BOSTON – Beauty industry consumers are turning to YouTube in record numbers, and are often bypassing major brands for product recommendations, instructional guidance and social engagement. Yet, according to a recent study, only a handful of beauty brands are effectively incorporating YouTube into their web and commerce initiatives.



Pixability, which is a big data software company that helps brands increase the YouTube impact on their target audiences, has unveiled the findings of its new study on the digital marketplace, “Beauty on YouTube: How YouTube is Radically Transforming the Beauty Industry and What That Means for Brands.” According to the findings, major brands have only garnered 3% of the 14.9 billion beauty-related video views on YouTube.



“The data in this study highlights the tipping point for share-of-voice for the beauty business. More importantly, these YouTube dynamics will have a profound effect on how beauty brands and their agencies market and advertise,” said Rob Ciampa, CMO of Pixability. “Brands that mistakenly treat YouTube as a quasi-television station should not be surprised by dismal ROI. Those that embrace YouTube as a critical digital marketing and communication medium, however, will see outstanding results. Pixability’s analysis of the beauty industry on YouTube backs that up.”



Identifying and analyzing how 168 major beauty brands and 45,000 YouTube beauty-focused personalities manage, produce and socialize more than 877,000 hair care, skin care, makeup and nail videos, the report highlights striking differences between those manufacturing products and those manufacturing videos about products. Just a handful of beauty brands are effectively incorporating YouTube into their web and commerce initiatives, while only a few are successfully working with YouTube’s independent beauty personalities, according to the company.



“Understanding the important role of video in the beauty industry is a given, so we had the foresight to fully integrate YouTube into our marketing several years back and it paid off,” said Cory Pulice, VP of e-commerce for e.l.f. Cosmetics. “Creating informative and instructional videos for our premium cosmetic and makeup products is only part of the equation. Genuinely engaging with our passionate YouTube community is the other part, and that helps drive our business.”



Some of the report’s key findings include:



  • Teenagers challenge brands and agencies. Multi-billion dollar beauty corporations with massive ad budgets and high-end creative agencies are getting beat on YouTube by teenage girls producing content in their bedrooms. YouTube vloggers, haul girls and other beauty content creators control 97% of conversations around beauty topics and related brands on YouTube.

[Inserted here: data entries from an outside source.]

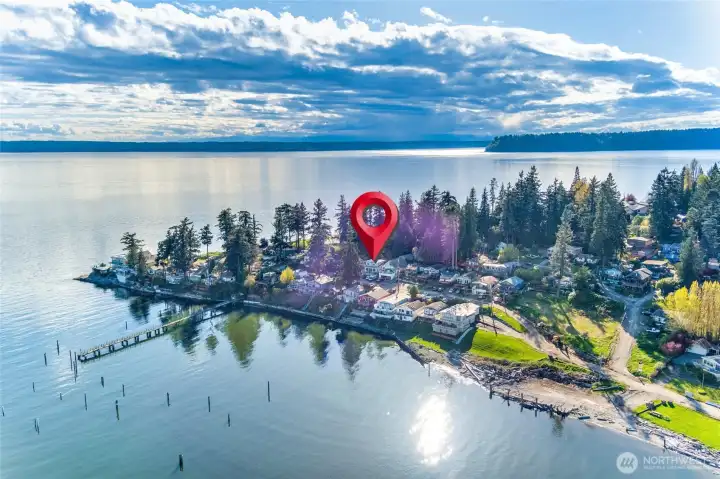 Shared community dock with private 24ft boat space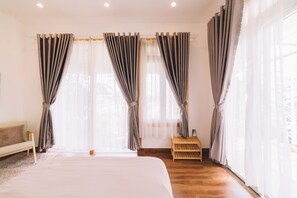 Individually furnished, desk, free WiFi, bed sheets - 3 Tang May Home & Coffee (Da Lat)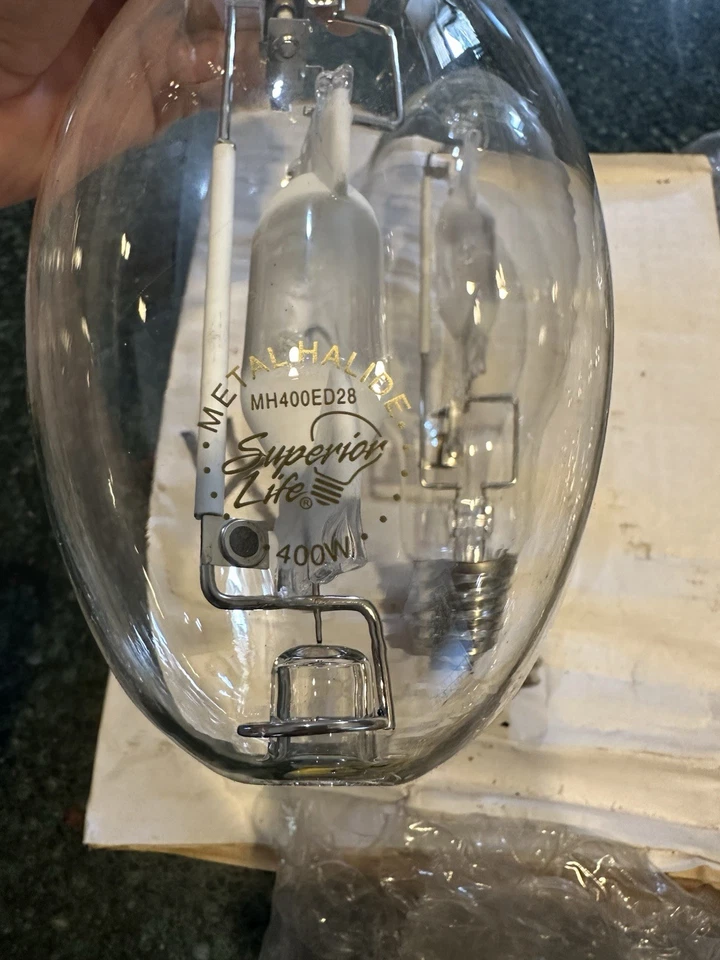 Sylvania ~ Clear, ED28, 400 Watt HID Metal Halide Metal Arc Lamp Light Bulb NOS! - Image 3 of 4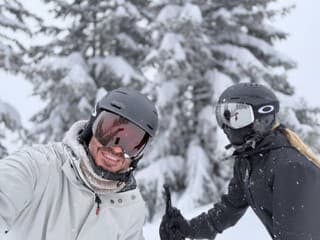 Beckhamovci si užívajú společné chvíle na lyžovačke vo Francúzsku: Stretla ich aj známa Slovenka - Kinga Puhová, čo prezradila?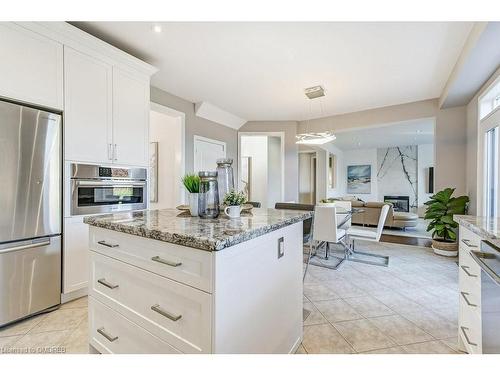 2475 Whitehorn Drive, Burlington, ON - Indoor Photo Showing Kitchen With Upgraded Kitchen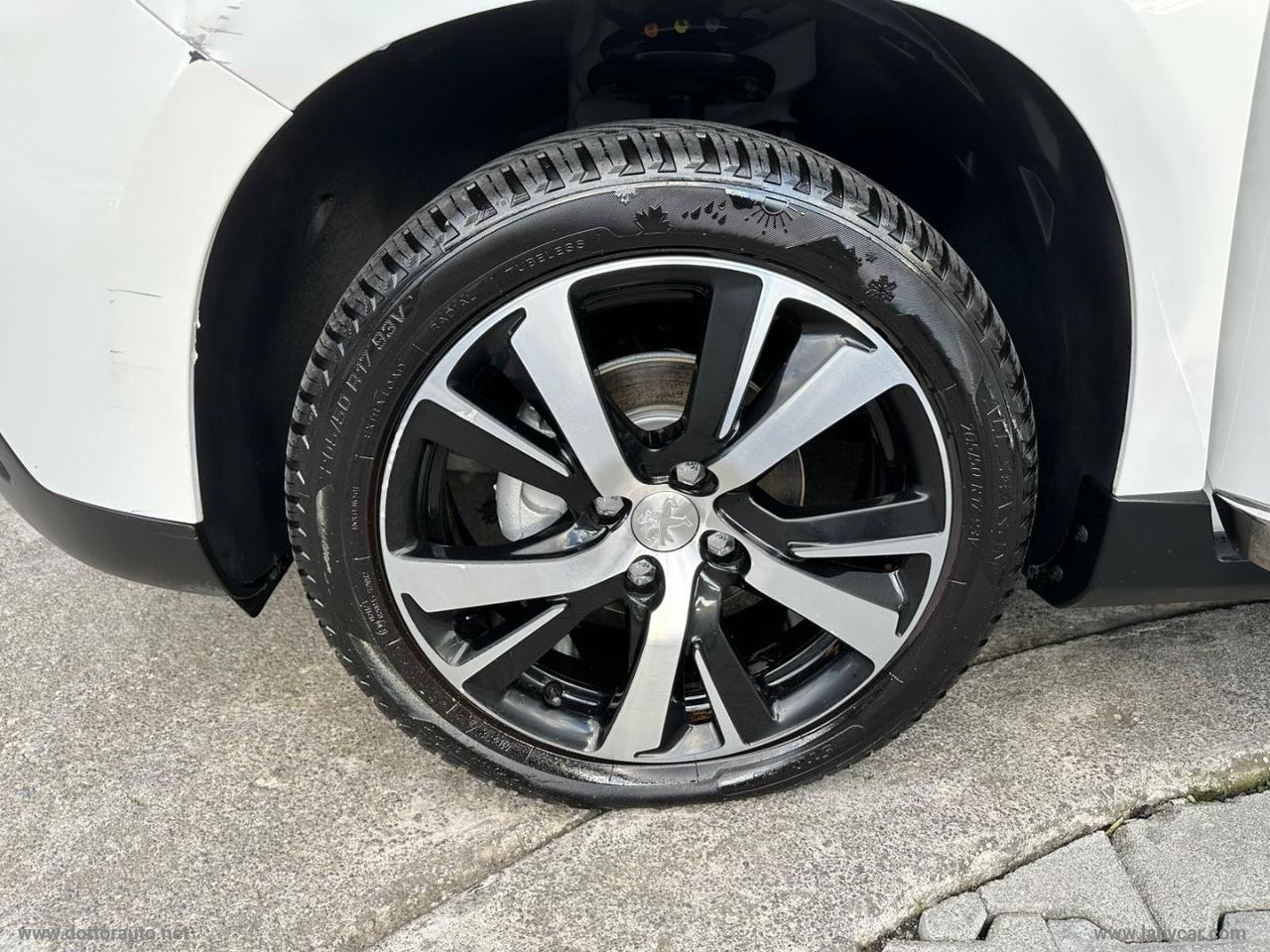 PEUGEOT 2008 BlueHDi 100 Black Matt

  • YouTube emerges as a lifestyle utility. People watch non-brand YouTube tutorials in the morning and in the evening on the East Coast and West Coast as they prepare for work and then a night out. Non-branded beauty tutorial content shows significant YouTube search spikes at specific times of day typically associated with applying makeup and doing hair. Comparatively, beauty brand video searches and views on YouTube remain flat regardless of time of day.

  • A television mentality doesn’t work on YouTube. Brands and their agencies continue to suffer from a “television” mentality on YouTube, as they deliver content that’s out of step with the digital audience and miss opportunities for engagement, awareness and commercialization. Repurposed television commercials published to YouTube generally underperform both on views and with audience engagement. YouTube’s top 25 beauty vloggers receive 2,600% more comments on their made-for-YouTube content on average than beauty brand channels’ content.